— DATA PROVIDED —

━━━━━━━━

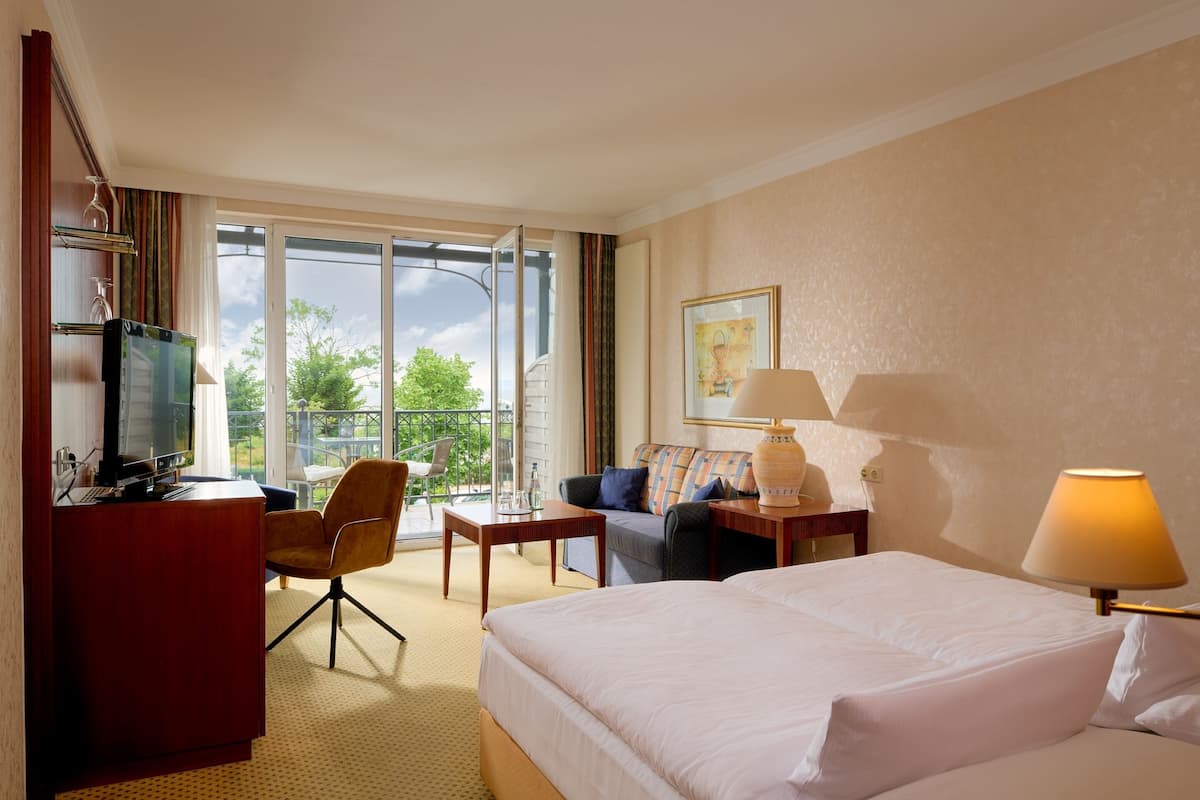 Une chambre d’hôtel équipée d’un lit, d’un bureau, d’une chaise, d’un canapé, d’une télévision et d’une fenêtre donnant sur un paysage verdoyant.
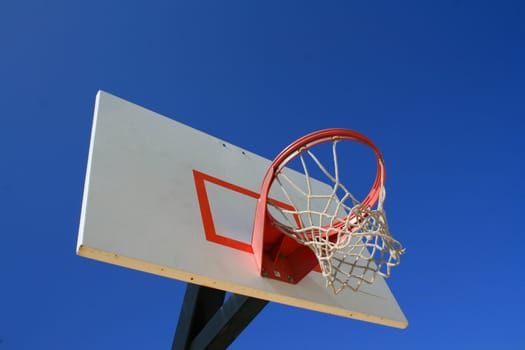 Basketball net and backboard over clear blue sky.
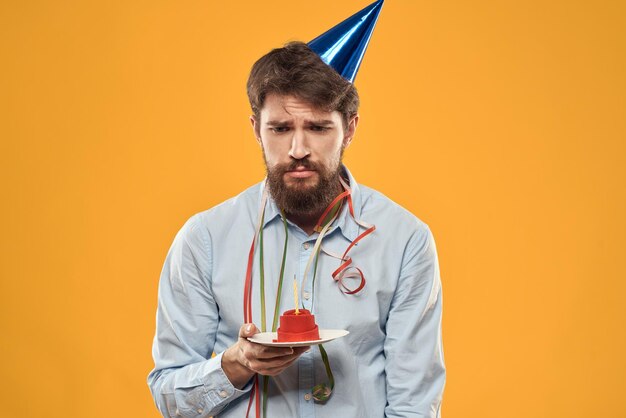 Cheerful man with a cake on a yellow background birthday holidays cap on his head person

━━━━━━━━

— EXERCISE GOAL —
Only text belongs in the copy: repeat each line of the data exactly and leave out the pictures.

— WRITTEN RESPONSE —
 Une chambre d’hôtel équipée d’un lit, d’un bureau, d’une chaise, d’un canapé, d’une télévision et d’une fenêtre donnant sur un paysage verdoyant.
 Basketball net and backboard over clear blue sky.
 Cheerful man with a cake on a yellow background birthday holidays cap on his head person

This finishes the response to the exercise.